PROBLEM DESCRIPTION: Only one stretch of the records below should be repeated. It starts with the line containing "John Galt Silver Serena Off-The-Shoulder Top" and goes on through the line containing "Fashion Bow &", exactly as written.

(Beginning of SUPPLIED ENTRIES)

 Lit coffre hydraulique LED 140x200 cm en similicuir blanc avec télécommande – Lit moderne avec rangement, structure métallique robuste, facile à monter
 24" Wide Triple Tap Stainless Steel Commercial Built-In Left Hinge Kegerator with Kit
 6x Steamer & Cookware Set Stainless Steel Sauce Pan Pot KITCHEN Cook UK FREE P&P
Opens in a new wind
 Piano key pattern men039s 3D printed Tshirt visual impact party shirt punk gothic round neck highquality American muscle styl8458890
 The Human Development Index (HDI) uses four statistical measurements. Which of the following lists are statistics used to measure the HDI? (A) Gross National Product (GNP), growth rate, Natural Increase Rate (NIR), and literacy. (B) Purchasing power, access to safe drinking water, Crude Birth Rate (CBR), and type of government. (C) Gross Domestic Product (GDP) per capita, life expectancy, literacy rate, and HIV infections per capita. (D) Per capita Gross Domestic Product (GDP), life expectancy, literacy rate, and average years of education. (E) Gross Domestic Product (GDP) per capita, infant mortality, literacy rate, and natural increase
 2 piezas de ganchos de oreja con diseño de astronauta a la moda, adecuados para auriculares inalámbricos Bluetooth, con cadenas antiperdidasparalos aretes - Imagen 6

(End of SUPPLIED ENTRIES)
(Beginning of SUPPLIED ENTRIES)

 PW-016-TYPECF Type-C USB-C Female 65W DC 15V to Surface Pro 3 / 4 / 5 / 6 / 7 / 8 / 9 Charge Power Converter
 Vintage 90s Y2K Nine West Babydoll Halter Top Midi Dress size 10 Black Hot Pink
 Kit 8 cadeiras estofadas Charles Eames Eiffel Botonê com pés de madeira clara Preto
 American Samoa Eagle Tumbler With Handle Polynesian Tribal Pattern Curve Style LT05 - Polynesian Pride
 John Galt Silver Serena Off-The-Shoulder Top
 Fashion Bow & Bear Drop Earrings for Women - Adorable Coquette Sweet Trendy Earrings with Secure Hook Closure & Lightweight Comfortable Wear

(End of SUPPLIED ENTRIES)

ANSWER TO THE EXERCISE:
 John Galt Silver Serena Off-The-Shoulder Top
 Fashion Bow & Bear Drop Earrings for Women - Adorable Coquette Sweet Trendy Earrings with Secure Hook Closure & Lightweight Comfortable Wear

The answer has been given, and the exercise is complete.